From: "Rafael J. Wysocki" <rjw@rjwysocki.net>
To: Doug Smythies <dsmythies@telus.net>, Feng Tang <feng.tang@intel.com>
Cc: "Rafael J. Wysocki" <rafael@kernel.org>,
srinivas pandruvada <srinivas.pandruvada@linux.intel.com>,
"Zhang, Rui" <rui.zhang@intel.com>,
Thomas Gleixner <tglx@linutronix.de>,
"paulmck@kernel.org" <paulmck@kernel.org>,
"stable@vger.kernel.org" <stable@vger.kernel.org>,
"x86@kernel.org" <x86@kernel.org>,
"linux-pm@vger.kernel.org" <linux-pm@vger.kernel.org>
Subject: Re: CPU excessively long times between frequency scaling driver calls - bisected
Date: Mon, 28 Feb 2022 20:36:03 +0100 [thread overview]
Message-ID: <11956019.O9o76ZdvQC@kreacher> (raw)
In-Reply-To: <20220228041228.GH4548@shbuild999.sh.intel.com>
On Monday, February 28, 2022 5:12:28 AM CET Feng Tang wrote:
> On Fri, Feb 25, 2022 at 04:36:53PM -0800, Doug Smythies wrote:
> > On Fri, Feb 25, 2022 at 9:46 AM Rafael J. Wysocki <rjw@rjwysocki.net> wrote:
> > >
> > > On Thursday, February 24, 2022 9:08:30 AM CET Feng Tang wrote:
> > ...
> > > > > So it looks like a new mechanism is needed for that.
> > > >
> > > > If you think idle class is not the right place to solve it, I can
> > > > also help testing new patches.
> > >
> > > So I have the appended experimental patch to address this issue that's not
> > > been tested at all. Caveat emptor.
> >
> > Hi Rafael,
> >
> > O.K., you gave fair warning.
> >
> > The patch applied fine.
> > It does not compile for me.
> > The function cpuidle_update_retain_tick does not exist.

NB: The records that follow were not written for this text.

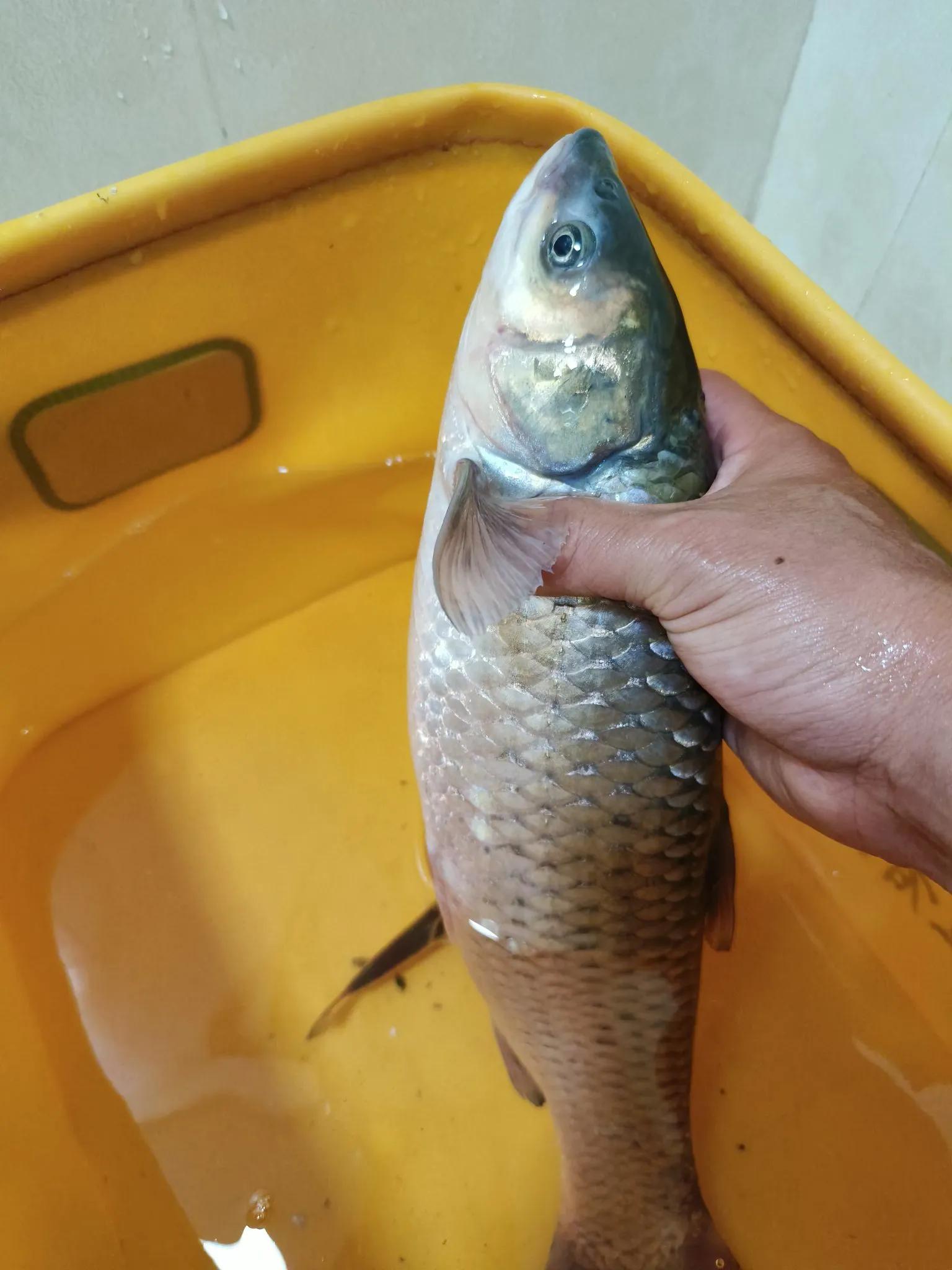 div, 要水底结构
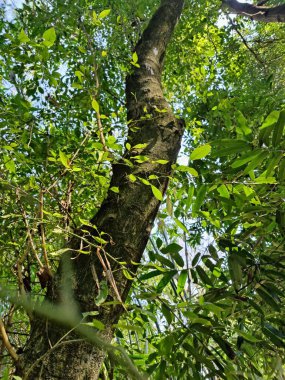 Tropik büyük yeşil yapraklar, mavi gökyüzüne karşı terk edilmiş palmiye dalları. Mavi gökyüzüne karşı yeşil yapraklar, doğanın manzarası,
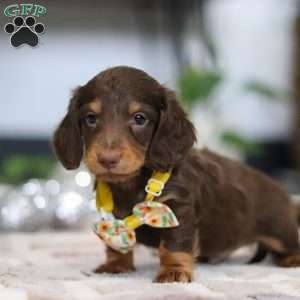 Alex, Dachshund Puppy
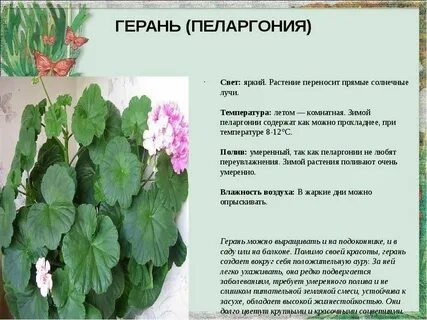 Признак герань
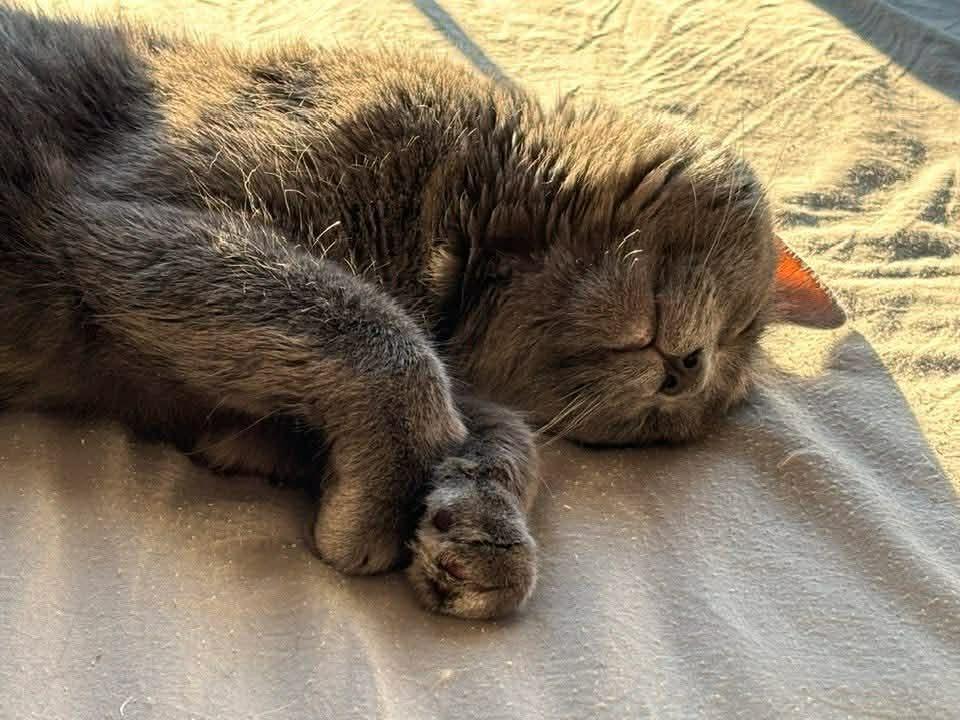 Enlarge Dodge, a Adoptable Domestic Short Hair in Arthur, ON image 6/6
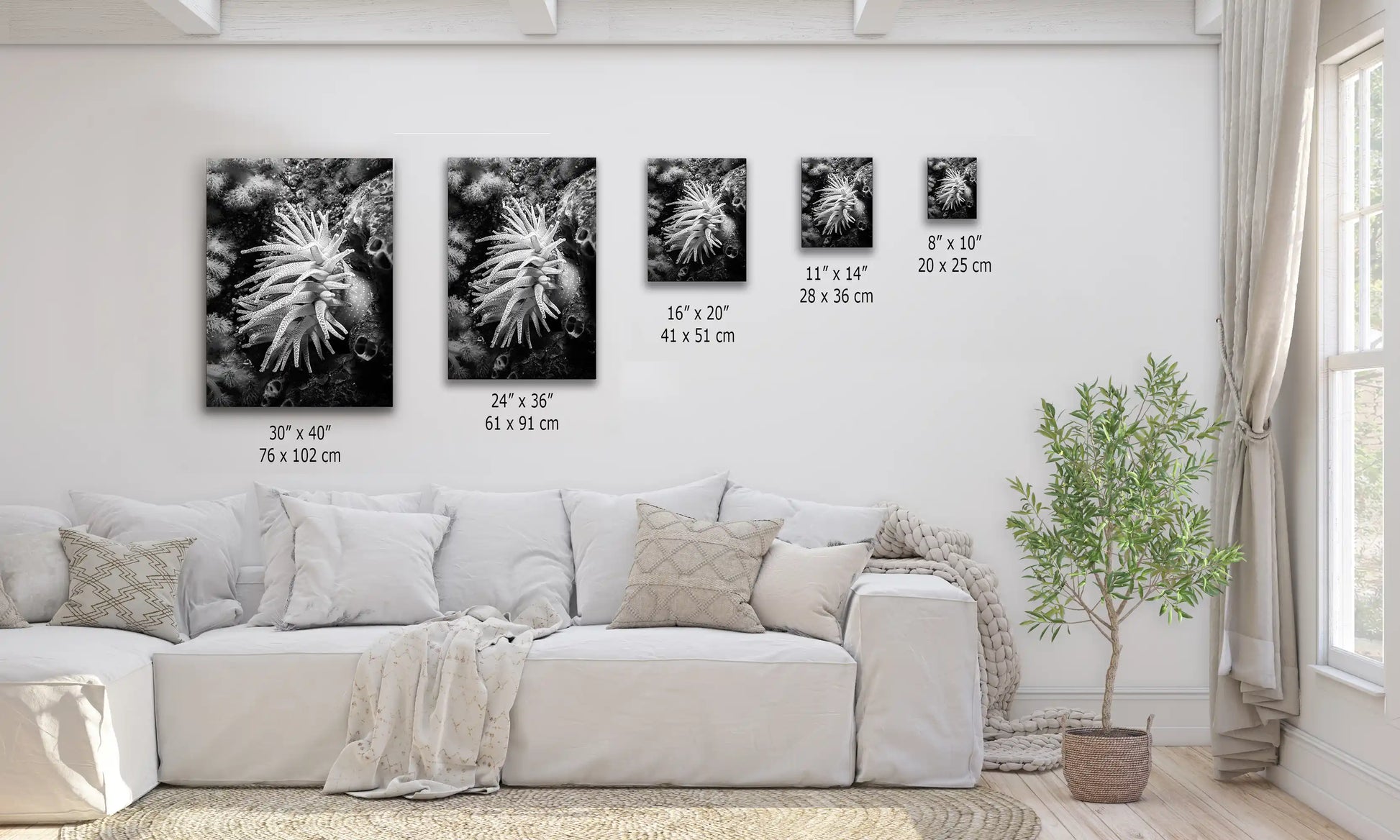Various sizes of black and white canvas prints of a Crimson Anemone displayed over a couch, showing scale and arrangement options.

> > Shouldn't it be somewhere in cpuidle.c?
> > I used the function cpuidle_disable_device as a template
> > for searching and comparing.
> >
> > Because all of my baseline results are with kernel 5.17-rc3,
> > that is what I am still using.
> >
> > Error:
> > ld: drivers/cpufreq/intel_pstate.o: in function `intel_pstate_update_perf_ctl':
> > intel_pstate.c:(.text+0x2520): undefined reference to
> > `cpuidle_update_retain_tick'
>
> Same here, seems the cpuidle_update_retain_tick()'s implementation
> is missing.
That's a patch generation issue on my part, sorry.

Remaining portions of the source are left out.